The joy of Phillip as a character is in that he’s a truly absurd paradox; he’s more worried about his artistic image than his artistic output. He sabotages himself by vehemently refusing to do publicity for his new novel, ignores a student who praises his work and picks up a groupie only to berate her for being gauche in public. This combination of sharp wit, self-deprecation and tragic delusion are an engrossing mix.

Phillip’s self-fulfilling plight is aided by his supporting cast, without them he’d just be a very tedious little man. Jonathan Pryce is magnetic as cankerous heavyweight author Ike Zimmerman. Pryce exists as more than just another temperamental artist falling out the page. His putdowns are more refined and blasé than Phillip, while his personal life is even more dysfunctional than his disciple’s. Despite Zimmerman’s intense self-loathing and unhappiness, Phillip can’t help but admire his revered mentor and long to replicate him, perhaps this is the price (Pryce) of artistic purity.
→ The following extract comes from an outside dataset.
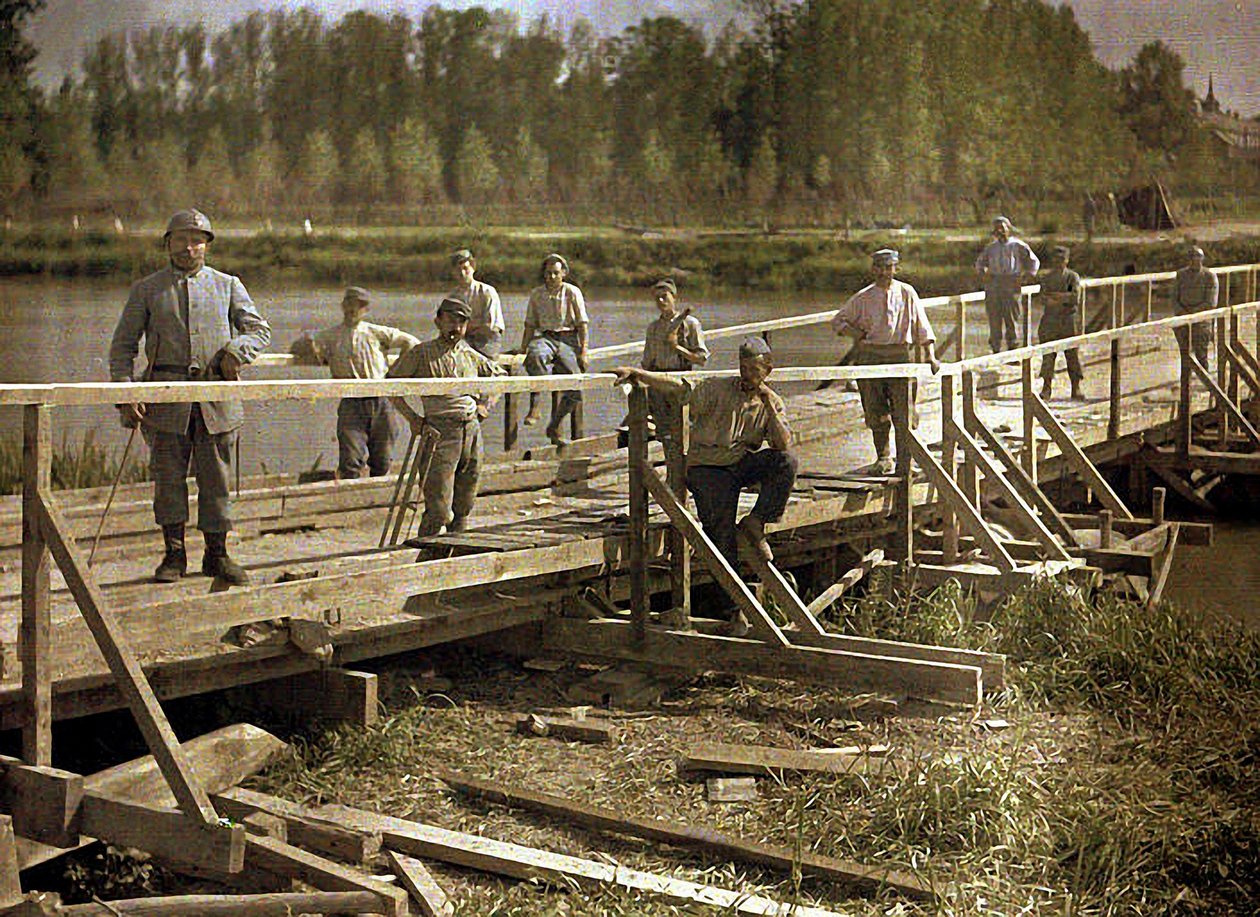 Francouzští vojáci ze speciální jednotky staví dřevěný most přes řeku Aisnu, Soissons, Francie, 1917 (autochrom) od Fernand Cuville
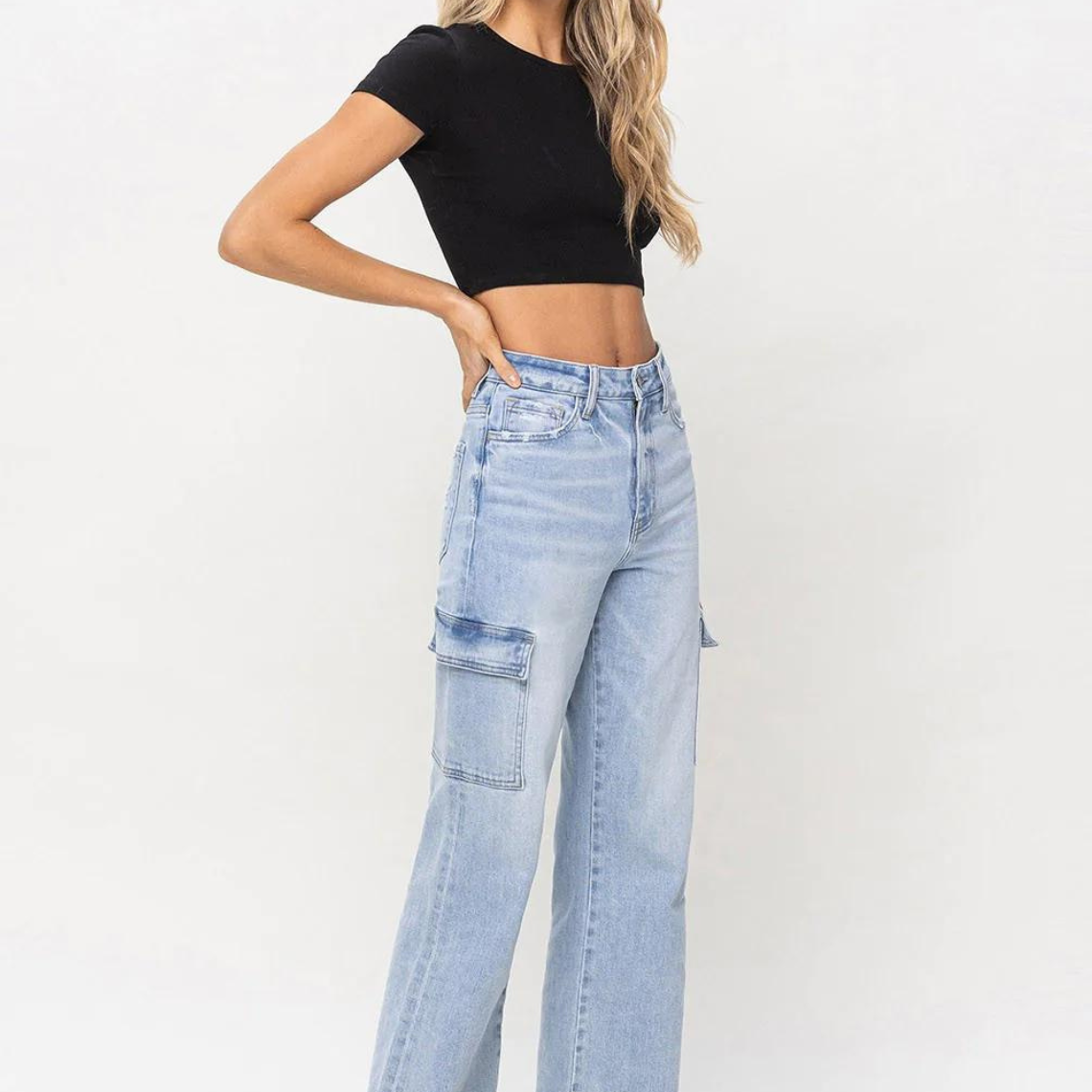 <p>90'S VINTAGE STRAIGHT JEANS WITH CARGO UTILITY COMFORT STRETCH DENIM, SUPER HIGH RISE WAIST, 90'S VINTAGE STYLE, DISTRESSED DETAILS, FULL LENGTH, STRAIGHT LEG JEANS WITH CARGO UTILITY</p> <p>&nbsp;</p>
On the other side of the spectrum are the slightly sounder of mind; women. Phillip’s girlfriend Ashley (Moss) is afforded the biggest chunk of story after the two attention grabbing leads. Unfortunately she’s not nearly as interesting as her male counterparts meaning her extended solo sequence is a lull. Ike’s daughter Melanie Zimmerman (Krysten Ritter) is fiery antidote to Ashley’s affableness. The fractured Zimmerman household could have been a whole film in itself. The heated exchanges between father and daughter are the film’s only real sources of emotional grit.

Director Perry firmly marks his stylistic territory with Listen Up Phillip. While the tight, caustic script loaded with dead pan laughs and a pathetically tragic hero are unquestionably lifted from Woody Allen’s musty wardrobe, Listen Up Phillip has its own very retro-chic cool to it. The entire film glows a musty yellow while a smooth jazzy score keeps up a neo-noir backbeat. The book covers that flash across the screen are adorned with psychedelic shapes and abstract geometrical patterns in that 60s pallet of greens, browns and oranges. Even the redbrick University Phillip ends up in evokes an old school Ivy League aura. Perry has a clear vision for his film and executes it wonderfully. The icing on top is the third person narration that implores the film to unfold like a book.

For the most part, the film is shot in erratic handheld close ups, the camera allowed to roam unshackled in an attempt to dive into the minds and inner turmoil that lie ahead. Being a character driven story the close ups are understandable; however the scatty camera movements are slightly nauseating and distracting after a while.


The film’s other main disappointment is its bold, but ultimately rambling conclusion. There’s no redemption, no revelation and progression in any of the characters from start to finish. In the end we find Phillip struggling against the tide and consensus even bitterer than the gleefully boasting narcissist we met two hours before. Perry sticks to his guns and refuses to let Phillip grow out of himself, yet there’s only so much of his relentless ego and indulgence one film goer can endure.